*What you are asked to do:* In the reply, give back exactly the lines from the one with "LIVE: Johnny Depp" through the last line of the records, without pictures.

■ ■ ■ ■ ■ ■ ■

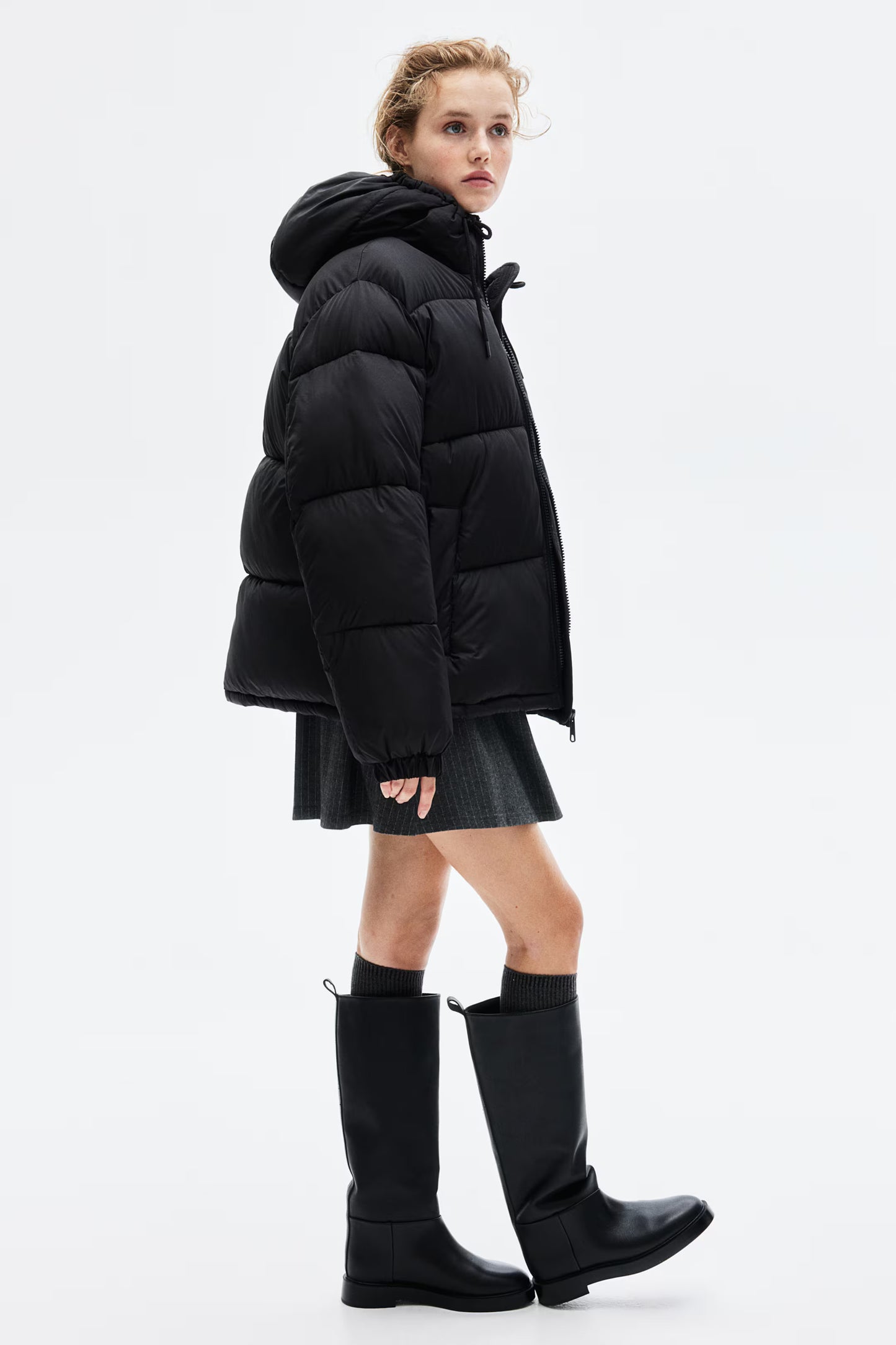 PUFFER JACKET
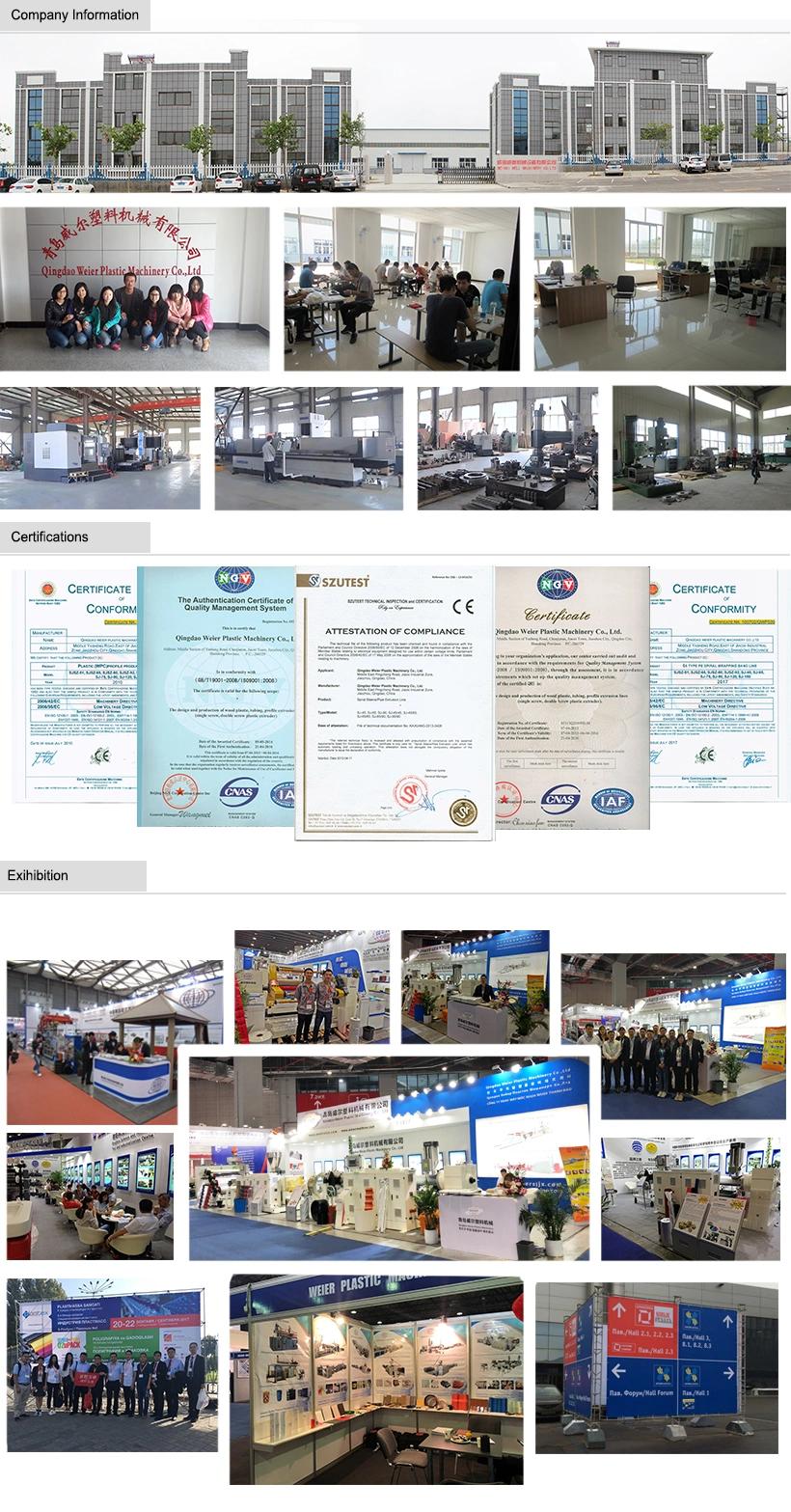 Ready to Shipin Stock Fast Dispatchwpc/PVC Foam Board Extrusion Machine /Making Machine /Production Line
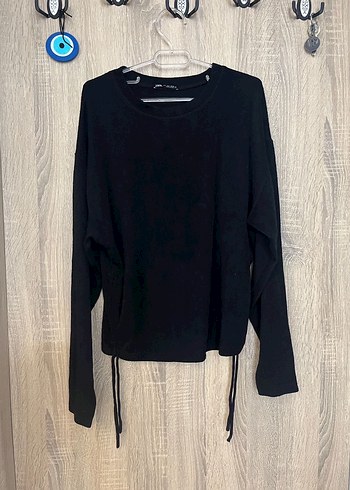 Zara bluz kazak - Görsel 2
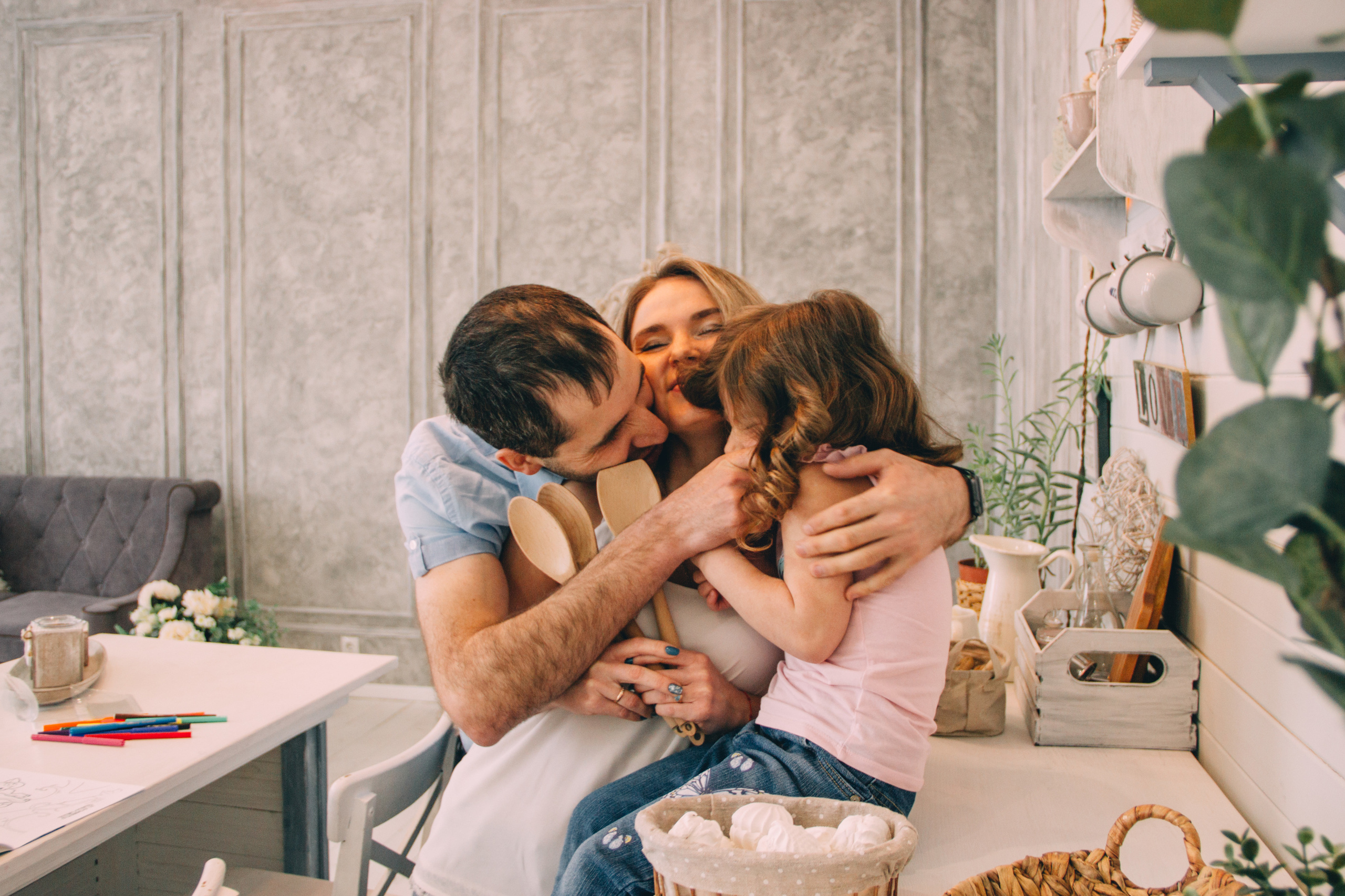 Когда с утра хочется делиться улыбками и хорошим настроением). Свадебный и Семейный фотограф Свекрова Ольга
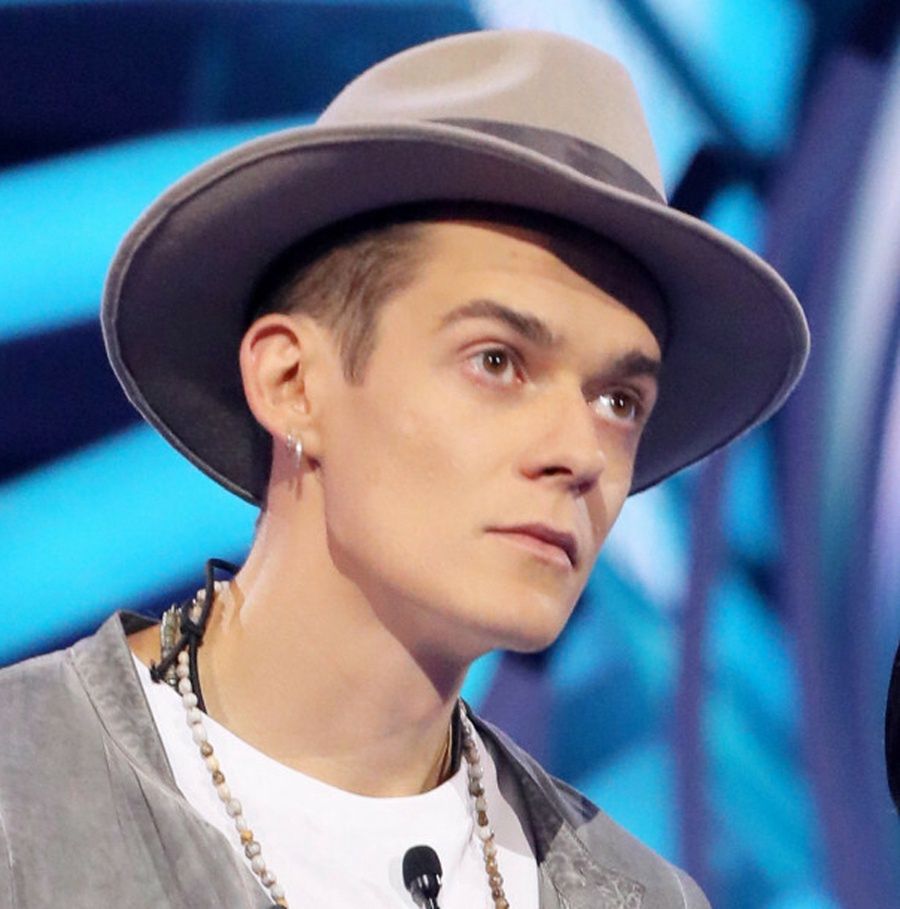 Wiktor Stadniczenko z "Big Brothera"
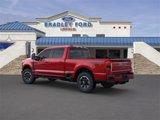 New 2025 Ford F250 4x4 Crew Cab Super Duty image 4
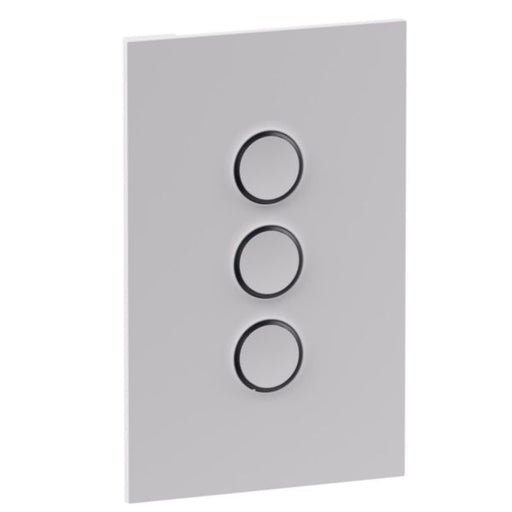 Legrand INSPYRA With Netatmo 3 Gang Smart Switch Matte White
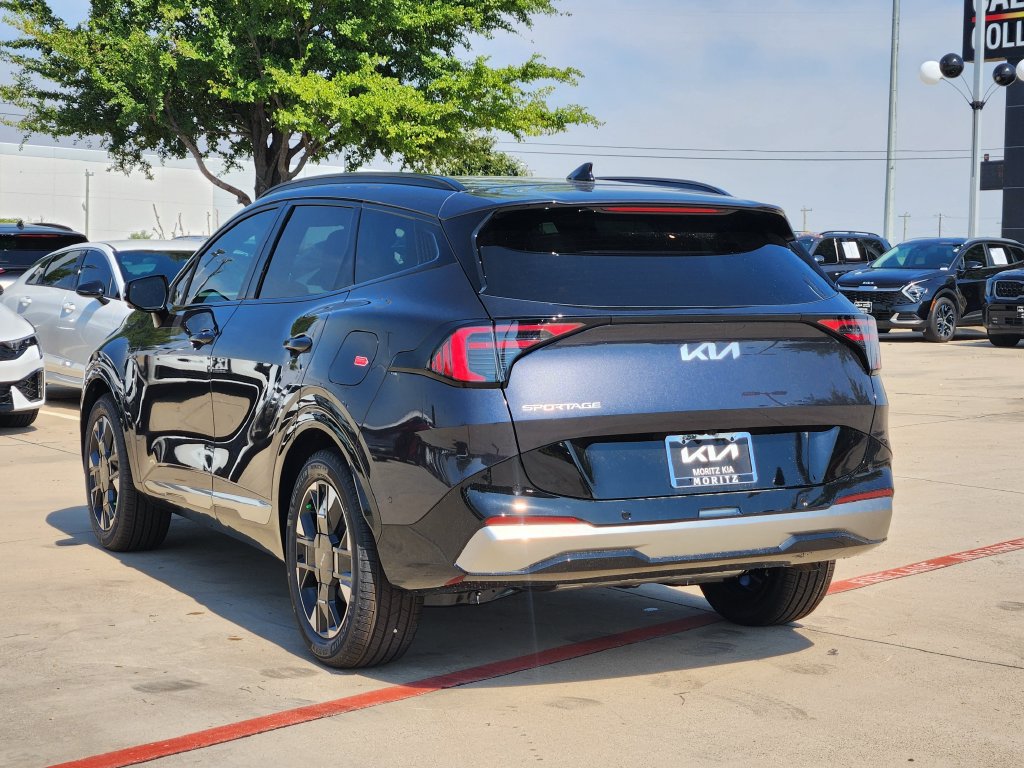 New 2026 Kia Sportage SX FWD image 4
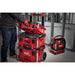 Milwaukee 48 - 22 - 0140 Electricians Tool Kit 18 Total Pcs, Rolling Modular Tool Box, 11 - 19 Pieces Range - KVM Tools Inc.KV444N78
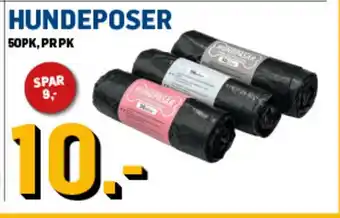 Price Lagerbutikk Hundeposer tilbud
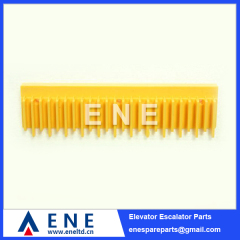 L47332154A Escalator Step Demarcation Escalator Spare Parts Accessory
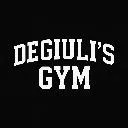 Logo De Giuli’s <mark>Gym</mark>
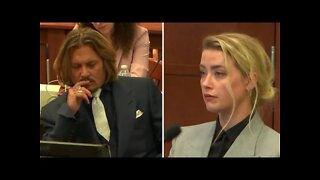 LIVE: Johnny Depp Testifies, Cross Examination in Amber Heard Defamation Trial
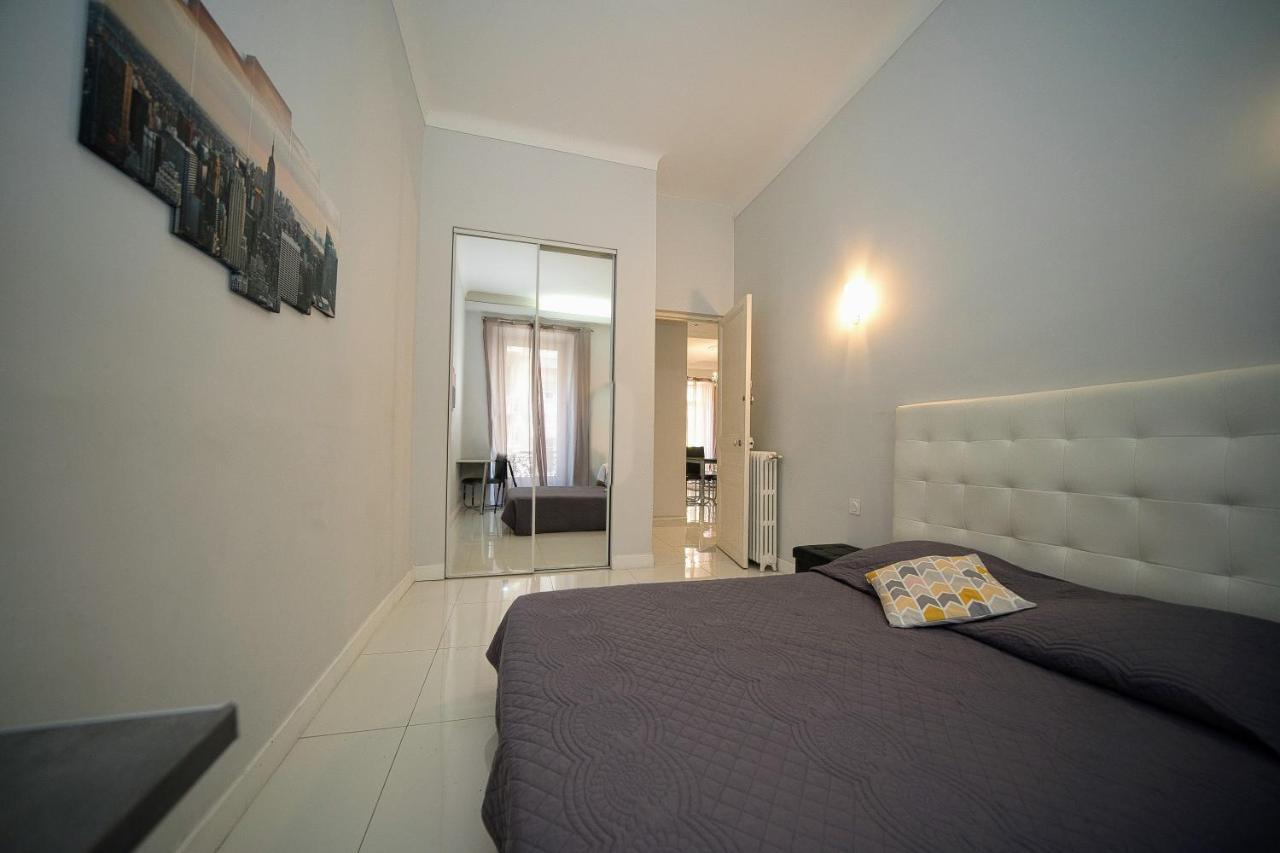 Designer Flat ניס מראה חיצוני תמונה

■ ■ ■ ■ ■ ■ ■

*Task result:*
 LIVE: Johnny Depp Testifies, Cross Examination in Amber Heard Defamation Trial
 Designer Flat ניס מראה חיצוני תמונה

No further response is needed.